Before this month started, I stopped seeing a guy who I was really starting to like.  We didn't know each other for that long but we had a connection that doesn't come around often.  The problem though, was that he is not a Christian and refused to go to church.  I respect that and understand that church is not for everyone but ultimately, I am looking for a guy that wants to share that passion with me.  After some discussion, we decided it was best to cut ties.  It hurt but I was excited to go into the month without any distractions.  I was going to read the book my friend and I are studying together and was ready to put God first, pushing guys out of my mind....right....like that was going to last long!
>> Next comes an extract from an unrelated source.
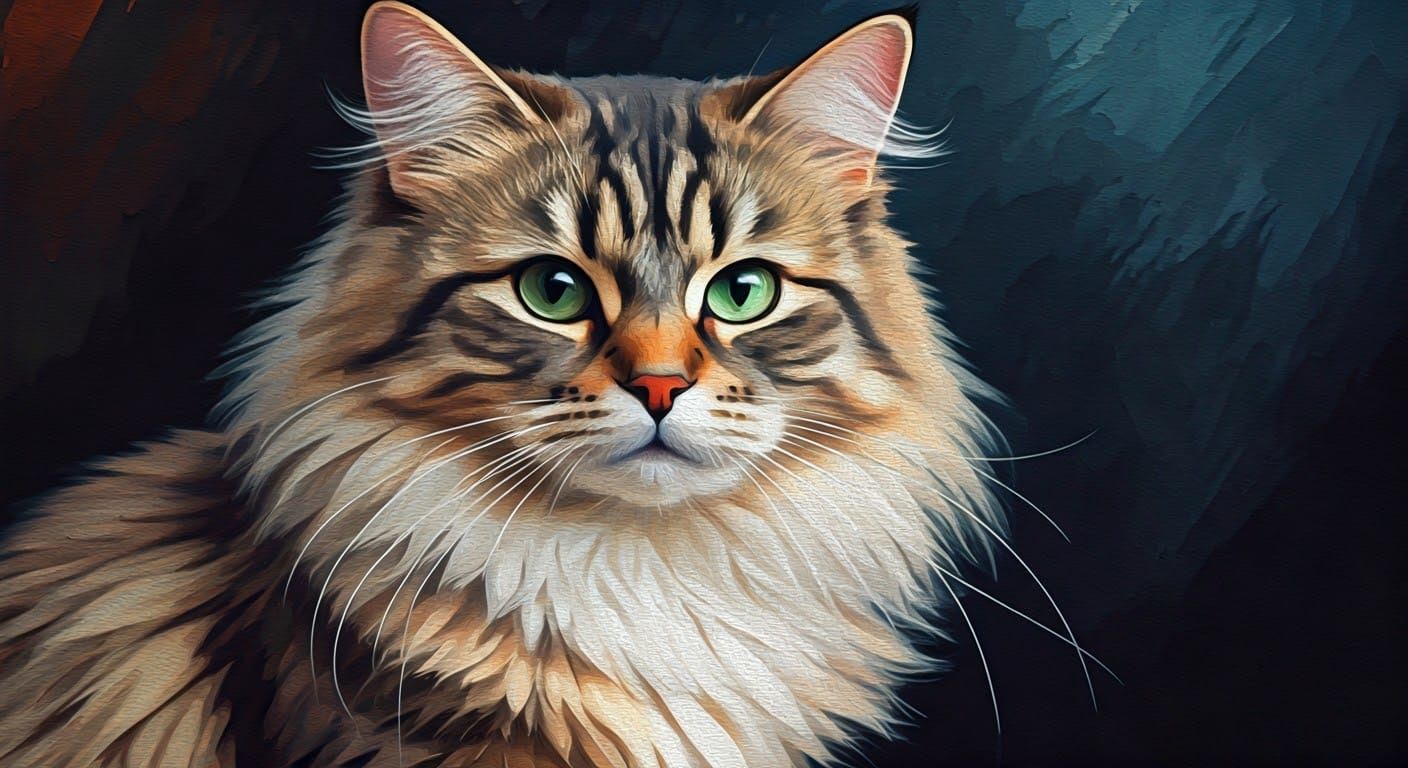 Elegant Long Haired Cat in Gouache Masterpiece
Already, I have seen how Satan is at work and the sad part is, he is winning.  He has me totally distracted with the guys he is placing in my life.  However, I am completely aware and awakened to his schemes.  Why waste my time on relationships that, if I was honest, I know are not going to pan out?  I know who I am in the Lord and I know that God has the best in mind for me so I will no longer give the enemy that chance to swoop in and make me feel unworthy and vulnerable.

The book we are reading is written for girls way younger than me but it has some good points here and there.  As I continue to read it, I will approach it with a new heart.  I have high expectations of the guy I know I deserve but I also need to become the person he deserves as well.  This transformation is going to take sacrifice and it's going to mean denying my fleshly desires but when I think about what I will gain in the process, it trumps everything I am giving up!

If someone told you one day, "I have loved you, with an everlasting love.  With unfailing love, I have drawn you to myself," you would think that was pretty romantic right?  Who doesn't want someone to love them with an "everlasting" and "unfailing" love?  This is what God promises us in Jeremiah 31:3 and this is going to be the verse I meditate on the rest of this month.  This is the love I want to experience and I can by drawing closer to him.  With a love that intense, I can be certain that He only wants what is best for me and I am trusting in that.